Attraverso fonti archivistiche conservate presso l’Archivio di Stato di Napoli (fondi di Grazia e Giustizia, Polizia Generale e Archivio Borbone), il lavoro di Rinaldi ricostruisce un sistema di sorveglianza e negoziazione delle élite locali, in cui la figura del “suddito fedele” veniva definita anche in base a delazioni, rapporti riservati, petizioni ed encomi. Lo scrutinio emerge quindi come uno spazio politico attivo, non solo repressivo, dove si ridisegnavano le identità socio-professionali di magistrati, commissari, vescovi, notabili e amministratori meridionali.

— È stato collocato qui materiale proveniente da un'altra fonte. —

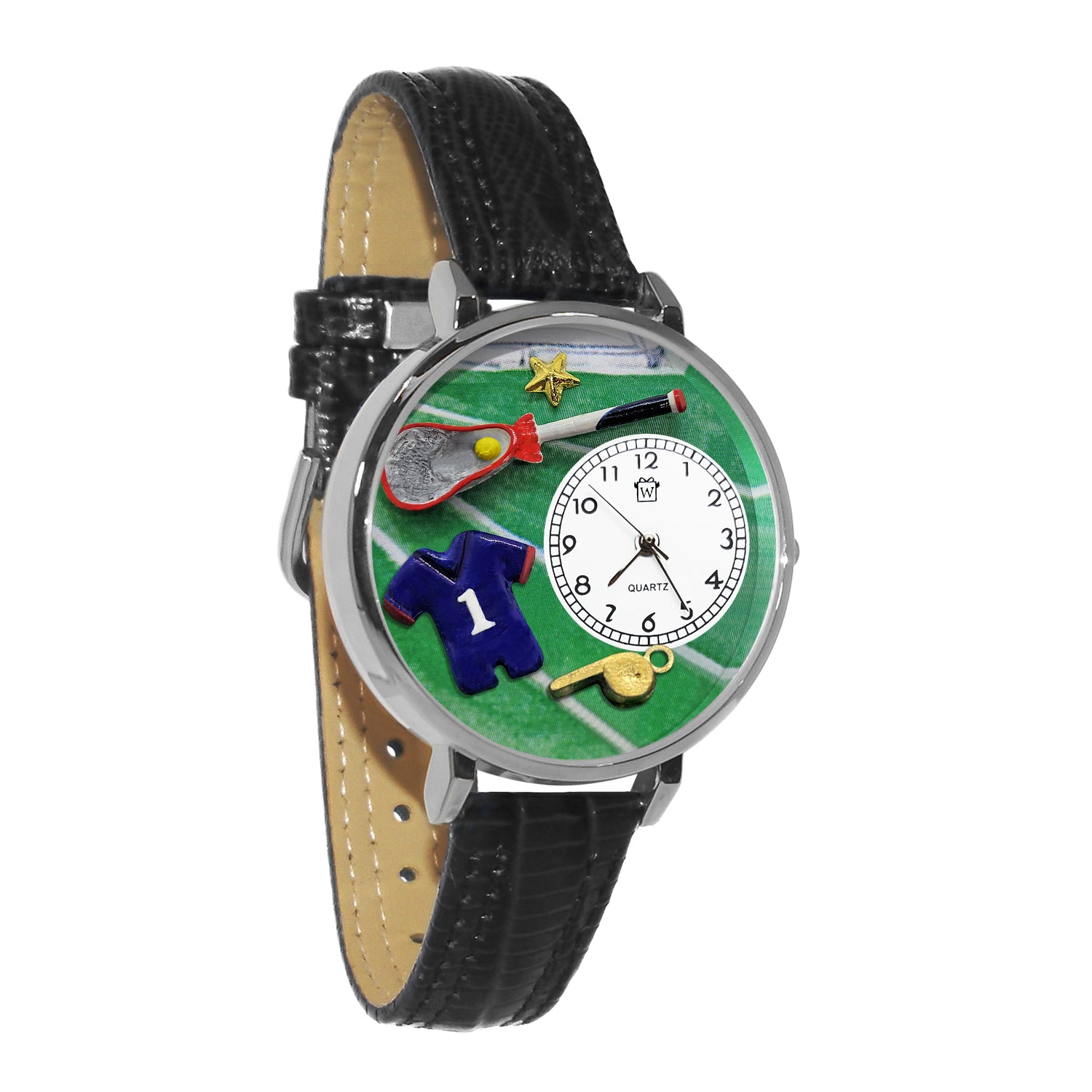 Whimsical Gifts | Lacrosse 3D Watch Large Style | Handmade in USA | Hobbies & Special Interests | Sports | Novelty Unique Fun Miniatures Gift | Silver Finish Shorts Black Leather Watch Band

Un panel di esperti per approfondire il tema
Alla presentazione del volume interverranno:
- Filippo Santigliano, presidente della Fondazione dei Monti Uniti di Foggia;
- Francesco Barbaro, direttore dell’Istituto di Storia del Risorgimento italiano – Comitato di Foggia;
- Saverio Russo, già docente di Storia moderna presso l’Università di Foggia;
- Annastella Carrino, professoressa associata di Storia moderna all’Università degli Studi di Bari “Aldo Moro”;
- Carmine Pinto, professore ordinario di Storia contemporanea e direttore del Dipartimento di Studi Umanistici dell’Università di Salerno.

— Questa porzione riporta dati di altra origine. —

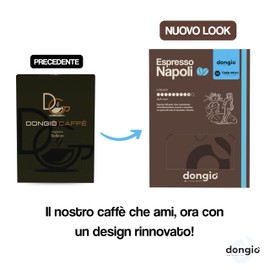 Dongiò Caffè Espresso Napoli - 50 Easy Serving Espresso Pods (ESE 44mm) - Dark Roast Coffee (Intensity 9/10) - Roasted and Blended in Italy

Un dialogo ricco e multidisciplinare tra studiosi di alto profilo, che offriranno chiavi di lettura approfondite sulla genesi dei moderni sistemi amministrativi meridionali e sull’evoluzione dei rapporti tra Stato e territorio.
L’autore: Angelo Rinaldi
Angelo Rinaldi ha conseguito una doppia laurea in Filosofia e Storia, ed è dottore di ricerca in Storia dell’Europa presso l’Università di Teramo. Il suo percorso accademico è segnato da numerosi riconoscimenti, tra cui il Premio Spadolini e il Premio Capitanata per la ricerca storica. La sua ricerca si concentra sul controllo delle élite meridionali nell’Ottocento, sul brigantaggio e sui notabilati locali.
Attualmente, Rinaldi è docente a contratto presso l’Università di Stettino (Polonia) e assegnista di ricerca in Storia delle istituzioni politiche all’Università di Napoli Federico II. Il volume che verrà presentato è frutto della sua tesi di dottorato, arricchita da un approfondito lavoro d’archivio e da una solida base metodologica.

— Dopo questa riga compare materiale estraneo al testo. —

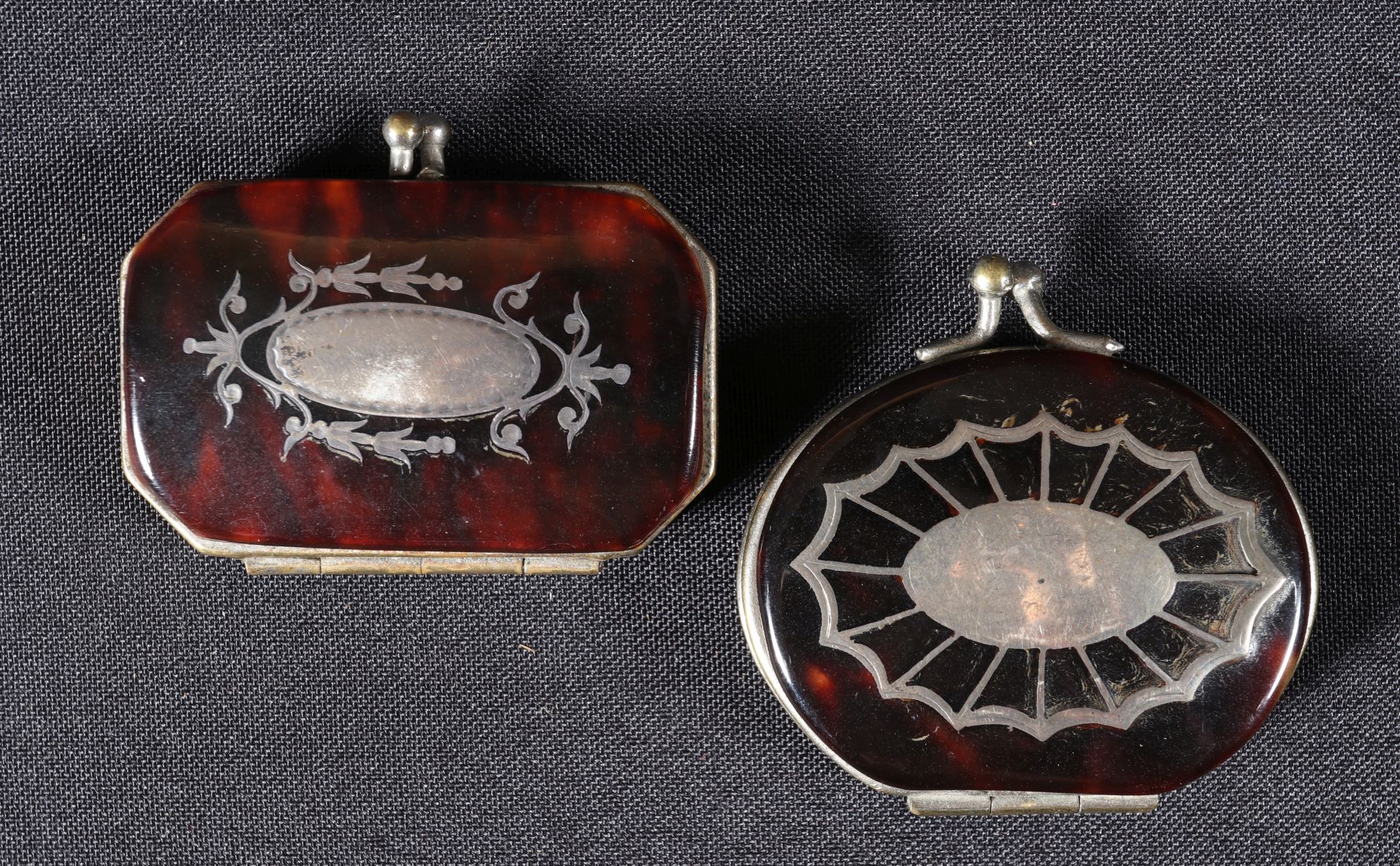 TWO MID 19TH CENTURY COIN PURSES WITH SILVER INLAY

Un evento aperto alla cittadinanza
La presentazione del saggio “I più leali e fedeli sudditi di Sua Maestà” si inserisce nel ciclo di appuntamenti della Fondazione dedicati alla divulgazione storica e alla riflessione culturale. Un’occasione di confronto aperta a studiosi, studenti, appassionati di storia e a tutta la cittadinanza interessata.
📍 L’ingresso è libero fino a esaurimento posti.